Transport protocols such as SCTP, DCCP, MPTCP, UDP and UDP-Lite have been defined at the transport layer.
In addition, a transport service may be built on top of these transport protocols, using a fraemwork such as WebSockets, or RTP. Service built on top of UDP or UDP-Lite typically also need to specify a congestion control mechanism, such as TFRC or the LEDBAT congestion control mechanism. This extends the set of available Transport Services beyond those provided to applications by TCP and UDP.
Transport services can aslo be differentiated by the services they provide: for instance, SCTP offers a message-based service that does not suffer head-of-line blocking when used with multiple stream, because it can accept blocks of data out of order, UDP-Lite provides partial integrity protection when used over link-layer services that can support this, and LEDBAT can provide low-priority “scavenger” communication.
The following terms are defined throughout this document, and in subsequent documents produced by TAPS describing the composition and decomposition of transport services.
The terminology below is that as was presented at the TAPS WG meeting in Honolulu. While the factoring of the terminology seems uncontroversial, thre may be some entities which still require names (e.g. information about the interface between the transport and lower layers which could lead to the availablity or unavailibility of certain transport protocol features)

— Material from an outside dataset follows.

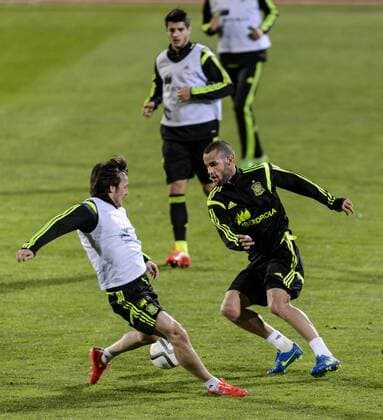 Spanish national team Nationalteam training session. In this picture, David Silva and Mario Suarez. xDIEGOxGxSOUTOx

This section provides a list of known IETF transport protocol and transport protocol frameworks.
TCP [RFC0793] provides a bidirectional byte-oriented stream over a connection- oriented protocol. The protocol and API use the byte-stream model.
[EDITOR’S NOTE: Mirja Kuehlewind signed up as contributor for this section.]
SCTP [RFC4960] provides a bidirectional set of logical unicast streams over one a connection-oriented protocol. The protocol and API use messages, rather than a byte-stream. Each stream of messages is independently managed, therefore retransmission does not hold back data sent using other logical streams.
[EDITOR’S NOTE: Michael Tuexen and Karen Nielsen signed up as contributors for these sections.]
PR-SCTP [RFC3758] is a variant of SCTP that provides partial reliability.
The User Datagram Protocol (UDP) [RFC0768] provides a unidirectional minimal message-passing transport that has no inherent congestion control mechanisms. The service may be multicast and/or unicast.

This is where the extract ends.